# So big now!



## Rufini (Sep 9, 2011)

Can't believe how big Vincent has got, where has my teeny little pup gone?



















Yes....those are a pair of boxers he is playing with!  he has a thing with pants and socks....









The day we got him


----------



## JulesB (Mar 6, 2011)

Bless him he's grown loads!! He's gorgeous small or large though!!

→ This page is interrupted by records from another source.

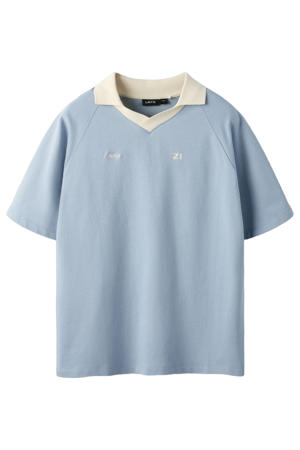 polo lichtblauw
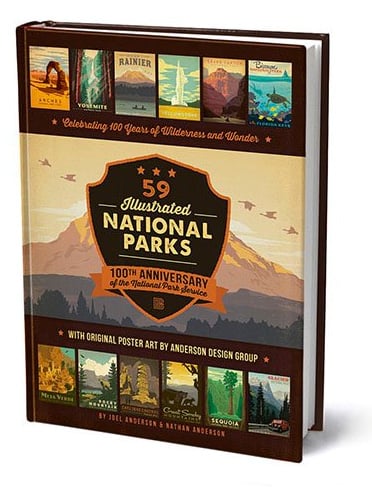 59 Illustrated National Parks: 100 Years of Wilderness & Wonder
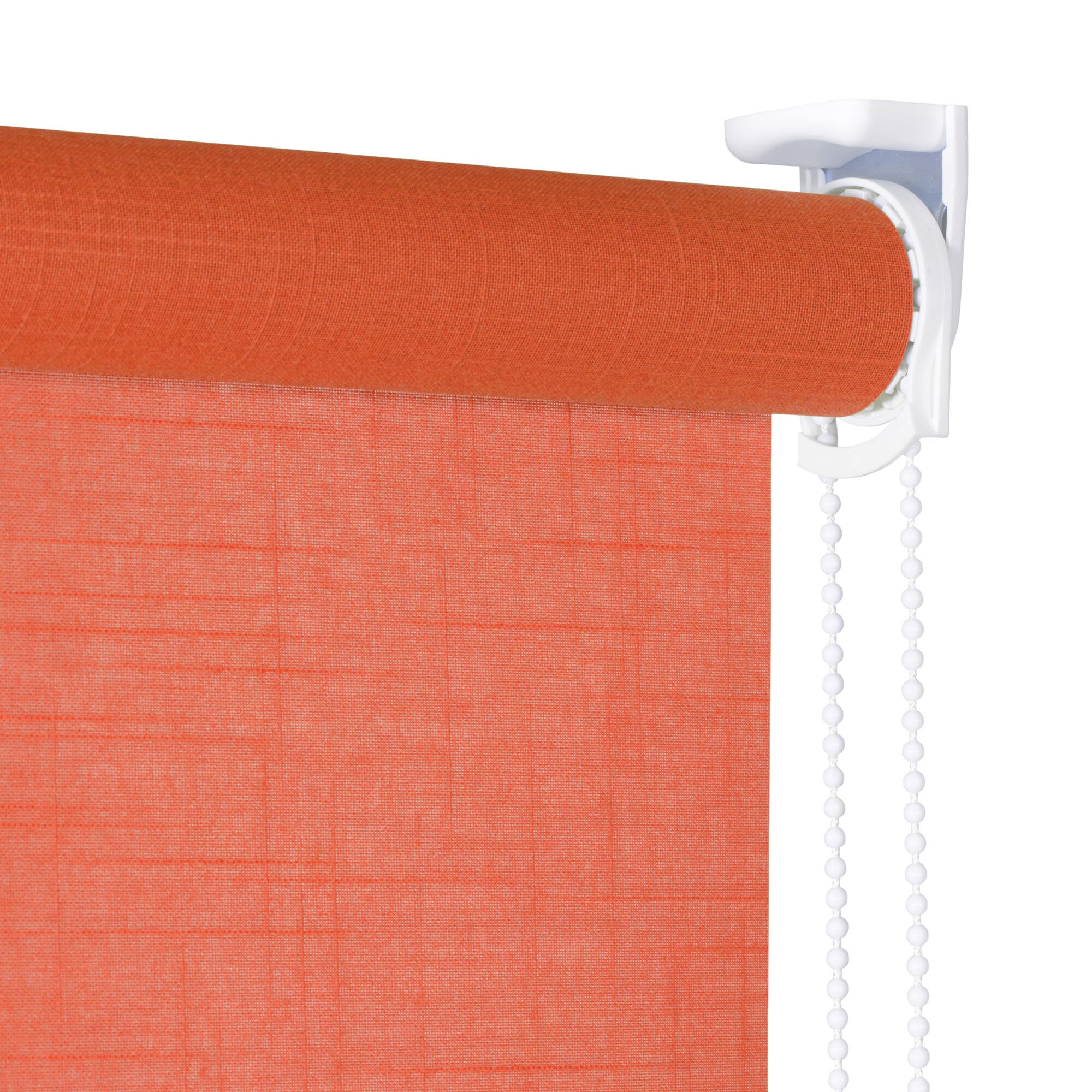 Estor enrollable translúcido con cadena tralucida etamine poliéster liso naranja viewtex de 105x190cm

Love the boxers!! Betty used to be a knicker theif when she was little and still loves socks!!

X


----------



## M&M's mummy (Jul 12, 2011)

aww he is getting all grown up.

Love the boxers in the picture  ha ha they do love our underwear!!!


----------



## Turi (Jun 28, 2011)

Oh I love little Vincent so much! :love-eyes: 

Is he fully grown now?


----------



## S.Claire (Sep 1, 2011)

Ah Vincent is such a cutie. They do grow so quick. Nacho used to fit through the banisters completely, he now can't get his head even halfway through. What I love though is they are still just as cute as adults as they are when they're pups! Cockapoos just don't lose that 'ahhh' factor!


----------



## calli.h (Aug 29, 2011)

Ruth he is a total cutie big or small, we were just saying the same about Arthur who is 6 months now and has just got really big. We look at him in the garden and remember when he couldnt jump down the step or back up it to get into the house! But I agree Susie they are just as adorable when they grow which is one of the reasons we chose a cockapoo as all pups have that cute factor but some dont keep it as well as the poos when they grow up! How much do yours weigh by the way as I was shocked when I weighed Arthur and he was over 20lb - hes doesnt look overweight and you can feel his ribs and see his waist?


----------



## Rufini (Sep 9, 2011)

He is almost 10kg now! craaaazy 

Turi, I don't know if he is! But I don't think he'll get too much bigger. MOst people here said their 'Poos stopped growing up at about 6 months, and then stopped completely at 10 months. So might still have a bit more to go!


----------



## Turi (Jun 28, 2011)

Rufini said:


> He is almost 10kg now! craaaazy
> 
> Turi, I don't know if he is! But I don't think he'll get too much bigger. MOst people here said their 'Poos stopped growing up at about 6 months, and then stopped completely at 10 months. So might still have a bit more to go!


You don't want him to get tooooo big. What are you feeding him Ruth? Spinach?!


----------



## JoJo (Mar 2, 2011)

Lovely update .. wow Vincent has grown so much ... 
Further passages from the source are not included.